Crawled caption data
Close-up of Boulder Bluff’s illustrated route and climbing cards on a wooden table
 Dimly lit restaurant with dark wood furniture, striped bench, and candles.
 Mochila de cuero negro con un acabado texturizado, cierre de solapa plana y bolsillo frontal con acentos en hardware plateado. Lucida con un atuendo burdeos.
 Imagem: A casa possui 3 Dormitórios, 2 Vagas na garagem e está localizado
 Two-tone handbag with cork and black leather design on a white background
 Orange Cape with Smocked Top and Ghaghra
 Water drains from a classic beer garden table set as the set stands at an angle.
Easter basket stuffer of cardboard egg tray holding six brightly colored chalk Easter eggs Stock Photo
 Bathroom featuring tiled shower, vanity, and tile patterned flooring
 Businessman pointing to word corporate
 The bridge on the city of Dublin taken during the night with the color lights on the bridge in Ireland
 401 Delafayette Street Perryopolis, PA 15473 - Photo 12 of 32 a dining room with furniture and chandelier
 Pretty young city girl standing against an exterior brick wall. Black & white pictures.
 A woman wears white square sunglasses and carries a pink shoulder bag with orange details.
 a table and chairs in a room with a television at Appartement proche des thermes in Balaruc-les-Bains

What this task involves →
Take the line that contains "The bridge on" and each line after it through the end of the records, and repeat them all exactly. Nothing else.

Answer to this problem →
 The bridge on the city of Dublin taken during the night with the color lights on the bridge in Ireland
 401 Delafayette Street Perryopolis, PA 15473 - Photo 12 of 32 a dining room with furniture and chandelier
 Pretty young city girl standing against an exterior brick wall. Black & white pictures.
 A woman wears white square sunglasses and carries a pink shoulder bag with orange details.
 a table and chairs in a room with a television at Appartement proche des thermes in Balaruc-les-Bains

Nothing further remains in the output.